Matthias Miersch ist der erste Redner für die SPDFraktion.
({0})
Herr Präsident! Liebe Kolleginnen und Kollegen!
Nicht nur weil Weihnachten ist, sondern auch weil ich
fest davon überzeugt bin, Herr Bundesminister, richte
ich am Anfang ein Dankeschön an das Verhandlungsteam, an all die Beamtinnen und Beamten, die seit
Monaten für die Bundesrepublik Deutschland an dem internationalen Prozess beteiligt gewesen sind. Ich glaube,
diese müssen in den Mittelpunkt gerückt werden. Sie haben die Kleinarbeit gemacht. Insofern vielen Dank für
diese Arbeit.
({0})
Auch an dieser Stelle Dank an alle Kollegen, die den
Deutschen Bundestag in Durban repräsentiert haben.

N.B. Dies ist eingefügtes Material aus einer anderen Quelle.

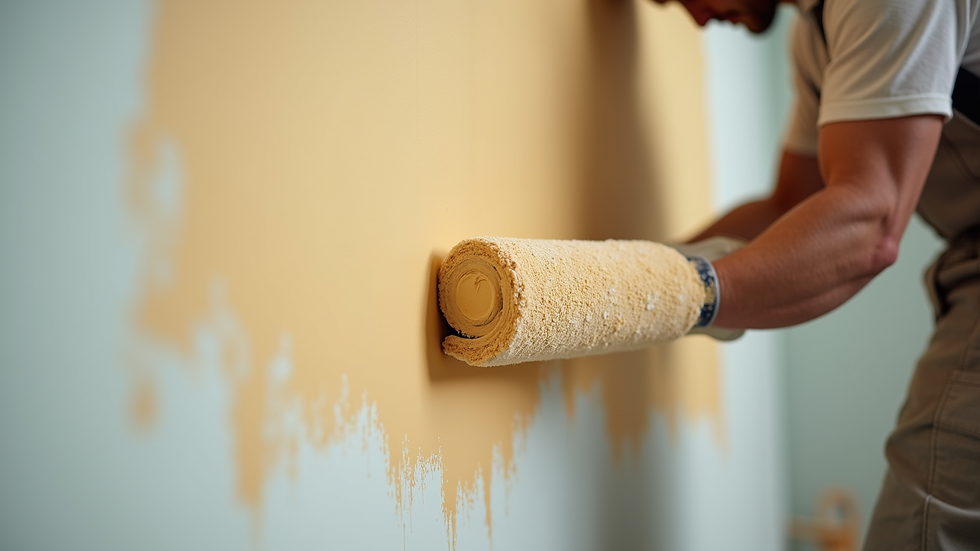 Eye-level view of a decorator applying trade paint with a roller on a wall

Deswegen, Herr Bundestagspräsident, ein Appell von
dieser Seite. Sie haben beschlossen, zukünftig nur noch
Fraktionsreisen, aber keine offiziellen Delegationsreisen
zu internationalen Regierungskonferenzen zuzulassen.
Ich glaube, das Präsidium ist gut beraten, diesen Beschluss zu überdenken; denn es sind letztlich Parlamente, die über Beschlüsse der Regierungen abzustimmen haben, es sind Parlamente, die für einen guten Weg
werben müssen.
({1})
Damit ist es mit der Gemeinsamkeit, Herr Bundesumweltminister, aber auch schon vorbei. Wenn Sie von
einem großen, wegweisenden Erfolg dieser Klimakonferenz sprechen, dann kann ich Ihnen nur sagen: Groß sind
die Herausforderungen, aber klein sind die Antworten,
die dort gegeben worden sind.
({2})
Im Gegenteil: Ich glaube, Schönrederei hilft hier
überhaupt nicht weiter. Sie verdunkelt und sie verkleistert die eigentlichen Herausforderungen, die die Staatengemeinschaft und auch die Bundesrepublik Deutschland
zu bestehen haben. Was ist das für ein Ergebnis, dass
man sich darauf verständigt, bis 2015 zu verhandeln,
dann möglicherweise eine Vereinbarung zu erzielen, wobei man nicht weiß, welche Rechtsverbindlichkeit sie eigentlich haben soll, nach der die ausgehandelten Beschlüsse dann 2020 in Kraft treten sollen? Das ist kein
großer Erfolg. Das ist nichts, was sich angesichts der
großen Herausforderungen als solcher darstellen lässt.
({3})
Wenn Sie sich hier hinstellen und sagen: „Der grüne
Klimafonds ist beschlossen worden, und er ist arbeitsfähig“, dann sollten Sie auch sagen - das gehört zur Wahrheit dazu -, über welche Mittel dieser Klimafonds bislang verfügt: über keinen einzigen Dollar, über keinen
einzigen Euro!
({4})
Sie sagen: Die Bundesrepublik Deutschland hat ihre
Verpflichtungen erfüllt. Allerdings erleben wir seit Kopenhagen einen Glaubwürdigkeitsverlust: Uns wird,
auch auf internationaler Ebene, vorgeworfen, dass die
Fast-Start-Zusagen nicht eingehalten worden sind; denn
es sind keine zusätzlichen Gelder geflossen, sondern
man hat das Ganze über Verschiebebahnhöfe zustande
gebracht. Lieber Herr Röttgen, Sie haben meine Anfrage
von Mittwoch dieser Woche hinsichtlich der 40 Millionen Euro noch nicht beantwortet, auch heute nicht. Ich
hoffe sehr, dass die Zusage, die Sie dort gemacht haben,
bedeutet, dass tatsächlich zusätzliches, neues Geld bereitgestellt wird. Wir werden da genau hinschauen, lieber Herr Röttgen.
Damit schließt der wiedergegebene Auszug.